There is possibly some truth in it - Fighting Mac (Sir Hector Archibald Macdonald) and Aleister Crowley (the Beast to adherents and his mother), were both in Paris on 24 March 1903, but there is no evidence other than that of Aleister Crowley himself that they ever actually met. However, Jake Arnott's scenario is an intriguing opening for the beginning of this rather patchy novel.
"A great, simple, lion-hearted man with the spirit of a child, thought the Beast as he caught sight of Hector Macdonald taking lunch alone in the dining room of the Hotel Regina."
From this promising opening we are taken on to the premise that the two men formed something of a friendship, perhaps allied by similar interests. Involved along the way are Baden-Powell (otherwise known as Bathing Towel to initiates), Edward VII, General Gordon, Lord Kitchener and the poet William Butler Yeats. All are called upon to play a part in either past or contemporary sections of the plot. I would like to say that all this is marvellously entertaining, but somehow it doesn't quite come off. The most exciting sections concern the various wars in which Macdonald fought, including leading a contingent of Sudanese soldiers in North Africa, which enable Arnott to construct a past for Macdonald replete with love affairs with various men, including his young Sudenese Batman, Bakhit (pun intended, I wonder?).

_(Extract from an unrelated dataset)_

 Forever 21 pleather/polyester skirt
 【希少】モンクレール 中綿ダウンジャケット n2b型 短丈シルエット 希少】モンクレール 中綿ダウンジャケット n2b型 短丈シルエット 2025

Most of this can be documented in Macdonald's history, though at his death the British Army whitewashed his life entirely.
The most conspicuous lack, however, is any real sense of the man Aleister Crowley, Occultist, Mountaineer, writer and founder of various esoteric Magic-related associations, and possibly a spy for the British and Americans. His unique `theology' was compounded of parts comprising Buddhism, Philosophy, White Magic, so-called Sex Magic rituals, etc., and his writings were both opaque and contentious, probably deliberately so. Unfortunately, in this book, none of this really comes alive. Though we see him attending a Black Mass, (he was opposed to the sacrifice of animals - even the human kind), there is little conveyed of the man himself, supposedly the "wickedest man in the world". The book therefore seems rather hollow as a result.